You are viewing a plain text version of this content. The canonical link for it is here.
Posted to notifications@couchdb.apache.org by "Tiago Pereira (JIRA)" <ji...@apache.org> on 2017/03/23 10:17:41 UTC
[jira] [Created] (COUCHDB-3338) rexi_server timeout

Tiago Pereira created COUCHDB-3338:
--------------------------------------

             Summary: rexi_server timeout
                 Key: COUCHDB-3338
                 URL: https://issues.apache.org/jira/browse/COUCHDB-3338
             Project: CouchDB
          Issue Type: Bug
          Components: Database Core, JavaScript View Server, Replication
            Reporter: Tiago Pereira


Hi,

I've recently went to production with a CouchDB 2 instance, however I'm experiencing some severe issues that started appearing when I had an increase in usage that are causing my database to slow down, stop indexing / returning my views, and ultimately crash because it is consuming too much memory (Usually when the instance is fresh started it runs at ~300MBs RAM, and after a few hours it jumps to almost 3GB RAM usage, which is when it crashes because the system runs OOM).

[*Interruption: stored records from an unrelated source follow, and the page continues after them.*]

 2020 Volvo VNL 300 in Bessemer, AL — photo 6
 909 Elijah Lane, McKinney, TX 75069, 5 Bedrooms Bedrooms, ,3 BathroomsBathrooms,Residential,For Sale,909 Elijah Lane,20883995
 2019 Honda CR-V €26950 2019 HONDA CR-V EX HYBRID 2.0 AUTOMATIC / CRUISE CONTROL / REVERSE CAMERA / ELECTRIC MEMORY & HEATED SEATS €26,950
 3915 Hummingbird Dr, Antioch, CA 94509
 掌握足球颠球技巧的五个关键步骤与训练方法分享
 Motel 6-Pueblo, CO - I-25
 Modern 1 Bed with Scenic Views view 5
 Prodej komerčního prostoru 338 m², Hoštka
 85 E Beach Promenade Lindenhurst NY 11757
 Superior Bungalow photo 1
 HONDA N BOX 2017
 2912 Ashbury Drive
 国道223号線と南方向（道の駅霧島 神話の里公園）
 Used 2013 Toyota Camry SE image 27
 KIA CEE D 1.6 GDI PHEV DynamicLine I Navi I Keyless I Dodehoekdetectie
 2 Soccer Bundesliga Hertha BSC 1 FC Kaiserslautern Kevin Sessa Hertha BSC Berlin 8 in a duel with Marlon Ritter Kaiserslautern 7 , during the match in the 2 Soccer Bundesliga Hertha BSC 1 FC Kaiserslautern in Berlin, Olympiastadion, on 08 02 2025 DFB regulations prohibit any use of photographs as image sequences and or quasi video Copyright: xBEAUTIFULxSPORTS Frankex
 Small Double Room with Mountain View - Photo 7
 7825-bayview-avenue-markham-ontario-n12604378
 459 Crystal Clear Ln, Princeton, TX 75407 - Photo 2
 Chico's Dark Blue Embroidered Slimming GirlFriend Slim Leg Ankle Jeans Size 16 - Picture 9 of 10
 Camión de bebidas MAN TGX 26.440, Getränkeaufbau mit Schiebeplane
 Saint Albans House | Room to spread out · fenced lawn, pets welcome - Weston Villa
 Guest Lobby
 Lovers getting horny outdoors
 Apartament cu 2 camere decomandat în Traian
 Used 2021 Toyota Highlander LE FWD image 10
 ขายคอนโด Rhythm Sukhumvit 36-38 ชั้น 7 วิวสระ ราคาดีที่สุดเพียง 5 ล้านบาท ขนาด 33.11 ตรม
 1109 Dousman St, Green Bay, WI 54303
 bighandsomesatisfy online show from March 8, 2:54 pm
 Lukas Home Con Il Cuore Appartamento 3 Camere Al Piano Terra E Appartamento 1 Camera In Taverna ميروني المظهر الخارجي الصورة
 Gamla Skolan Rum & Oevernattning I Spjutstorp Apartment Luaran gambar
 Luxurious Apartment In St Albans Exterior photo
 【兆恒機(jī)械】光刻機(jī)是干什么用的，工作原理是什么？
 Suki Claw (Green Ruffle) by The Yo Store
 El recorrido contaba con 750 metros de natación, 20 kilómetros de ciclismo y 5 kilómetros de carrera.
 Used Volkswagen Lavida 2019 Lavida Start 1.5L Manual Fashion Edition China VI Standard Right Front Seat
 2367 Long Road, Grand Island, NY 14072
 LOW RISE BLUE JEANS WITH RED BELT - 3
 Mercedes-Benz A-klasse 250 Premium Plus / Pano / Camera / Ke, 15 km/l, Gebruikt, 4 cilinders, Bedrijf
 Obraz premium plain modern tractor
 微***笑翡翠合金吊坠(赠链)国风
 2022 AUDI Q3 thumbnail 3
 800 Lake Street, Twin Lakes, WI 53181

I'm running my CouchDB instance on a kubernetes cluster hosted on Google Cloud, and I'm using klaemo/couchdb2 's latest 2.0.0 image as a base Docker image.

This instance currently has 792 active, continuous replications running, which I assume might be what is causing this slow down, since I tried disabling them and, after a reboot, the database appeared to be running fine without the replications.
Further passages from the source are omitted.